Will I be able to wear commando flashes in the Rifles?

Stumpy4154

LE
Book Reviewer
#61
That’s only because of the REs relentless search for kudos for lesser units.

They still haven’t found any :wink:
Fixed for you. Usual fee applies.;)
 

Stumpy4154

LE
Book Reviewer
#63
Have seen commando mudguards from Royal Marines, Navy and Army. Have yet to see RAF Commando. All joking aside, is there such a thing as RAF Commando?
In 2000, when I was toying with joining the TA/Army Reserves a few years after leaving the regulars, my local RE unit was 131 Ind. Cdo. Sqn and there was an RAF officer going through the training towards the AACC with them. Not sure if he passed as my ACL went twang before I could start the build up phase and I had to knock it on the head.
 
#69
In 2000, when I was toying with joining the TA/Army Reserves a few years after leaving the regulars, my local RE unit was 131 Ind. Cdo. Sqn and there was an RAF officer going through the training towards the AACC with them. Not sure if he passed as my ACL went twang before I could start the build up phase and I had to knock it on the head.
131 have put at least one of their guys through the AR basic course after he completed the Reserve Cdo course recently, I bet that was a worthwhile two weeks training.
 
#74
Have seen commando mudguards from Royal Marines, Navy and Army. Have yet to see RAF Commando. All joking aside, is there such a thing as RAF Commando?
ISTR that the final OC 6 Squadron in its Jaguar days took (and passed) the AACC to delay some rather dreary short ground tour that Innsworth (as was) had planned for him prior to his taking command.

View attachment 388093
They were servicing commando apparently, but that just opens up another Pandora’s box....
Mountbatten's fault. The need for a forward servicing echelon to get captured airfields back into use by friendly aircraft was noted by Director, Fighter Operations who, as can be seen, wanted them to be Commandos who possessed the specialist skills required to get an airfield up and running:

Installing the essential minimum of communications, refuelling and re-arming equipment and personnel … It must be a very highly trained organisation, having high morale and esprit de corps … The desired result can probably be obtained by forming a number of Flight Servicing Units as permanent entities on the establishments of Fighter Groups. Because they have a permanent entity, they can be highly trained both in servicing aircraft and in the business of going in over the beaches or perhaps airborne to an advanced aerodrome. They obtain RAF esprit de corps by their association with the Group. They should obtain ‘Combined Operations’ esprit de corps by their thorough training, which they must inevitably be given for the purposes of going in over the beaches. (They should be “RAF Commandos.”)​

Mountbatten endorsed this, and suggested the title of 'Servicing Commando'

Jack Slessor, then an AVM and ACAS (Policy) fought a losing battle on behalf of the RAF over the name:

I don’t like the term ‘Commando’ in this connection; they are mobile servicing flights and no more. It’s ridiculous if everyone who may ever be landed on the Continent has got to call himself a Commando. The RAF should be, and are, ready to serve anywhere in any circumstances without giving themselves fancy titles.​

Mountbatten won... That said, the volunteers for the Servicing Commandos did have some interesting and less-than-stereotypical-for-the-RAF training at Inveraray, so they weren't just given the name 'commando' as some sort of RAF-driven bid to have commandos, but who had no commando training whatsoever, as some commentators (rather oddly) have apparently suggested every now and then (I say 'apparently', since I can't point to any examples, but have heard a non-SCU veteran [he trained them...] lament the fact that this view appeared to be in circulation)
 
#75
....
You earned it, you can wear it.

I tend to agree.

I lost some of the stuff I earned, so I tried to find them again. It wasn't difficult.
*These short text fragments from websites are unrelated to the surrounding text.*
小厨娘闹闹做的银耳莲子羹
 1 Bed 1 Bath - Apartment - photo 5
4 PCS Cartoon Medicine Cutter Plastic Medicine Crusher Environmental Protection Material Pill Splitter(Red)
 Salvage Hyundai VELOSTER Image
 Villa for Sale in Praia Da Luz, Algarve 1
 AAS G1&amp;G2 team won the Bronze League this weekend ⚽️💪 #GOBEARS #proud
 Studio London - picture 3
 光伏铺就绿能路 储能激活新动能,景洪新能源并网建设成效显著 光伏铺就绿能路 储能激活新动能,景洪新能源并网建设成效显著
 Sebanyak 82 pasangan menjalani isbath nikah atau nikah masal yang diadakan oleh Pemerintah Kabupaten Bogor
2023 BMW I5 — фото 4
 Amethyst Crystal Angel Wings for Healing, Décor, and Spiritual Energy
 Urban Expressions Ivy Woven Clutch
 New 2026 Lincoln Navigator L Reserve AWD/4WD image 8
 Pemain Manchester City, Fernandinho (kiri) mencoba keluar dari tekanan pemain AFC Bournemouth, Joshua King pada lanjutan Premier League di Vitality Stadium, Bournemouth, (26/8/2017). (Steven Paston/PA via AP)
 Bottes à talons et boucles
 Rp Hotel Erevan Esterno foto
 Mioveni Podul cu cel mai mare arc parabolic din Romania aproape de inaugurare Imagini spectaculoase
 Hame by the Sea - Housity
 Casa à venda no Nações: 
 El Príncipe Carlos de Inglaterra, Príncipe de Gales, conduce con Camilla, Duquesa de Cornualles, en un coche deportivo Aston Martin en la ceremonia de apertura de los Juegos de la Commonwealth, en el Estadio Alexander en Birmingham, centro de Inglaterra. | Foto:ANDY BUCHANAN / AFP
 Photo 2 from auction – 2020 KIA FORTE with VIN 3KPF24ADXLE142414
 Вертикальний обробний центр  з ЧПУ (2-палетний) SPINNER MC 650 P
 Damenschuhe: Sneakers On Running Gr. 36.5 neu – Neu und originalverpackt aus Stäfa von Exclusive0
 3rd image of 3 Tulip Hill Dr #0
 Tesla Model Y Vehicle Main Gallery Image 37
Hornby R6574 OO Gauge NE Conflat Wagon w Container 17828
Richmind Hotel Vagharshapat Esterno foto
Vintage Scout Proficiency series C Badge - Master at Arms (JJJ) • £1.00

VINTAGE 1970's BOY SCOUTS UNIFORM WITH BADGES PATCHES, BERET NECKERCHIEF SHORTS • £9.99

VINTAGE 1970s CUB SCOUT JUMPER, BERET, CAP & SCARF ETC | #245235379



Just in case anyone thinks I'm walting, here is a photo of me 'back in the day':






Hard paper round!
 
#79
View attachment 388093
They were servicing commando apparently, but that just opens up another Pandora’s box....
Further to @Archimedes archive of RAF kniwledge.
Think there's a reference to them in one of Christopher Shores excellent 2nd RAF series.
They weren't Achnacarry, Green beretted, Commando trained personnel but they conducted some infantry training, SAA and wore Army khaki. The various air commandoes could ostensibly take themselves to a potentially hostile area and establish an airfield.
A lot of 2nd TAF close support aircrew also took to wearing Army khaki in the Normandy campaign to aid distinction.

PS @Solo Dave - Not sure why the disagree - I recalled a statement made by a colleague who wasn't allowed to wear his dolphins whilst in RAF Regt. Think he wore them on his Army No2s though.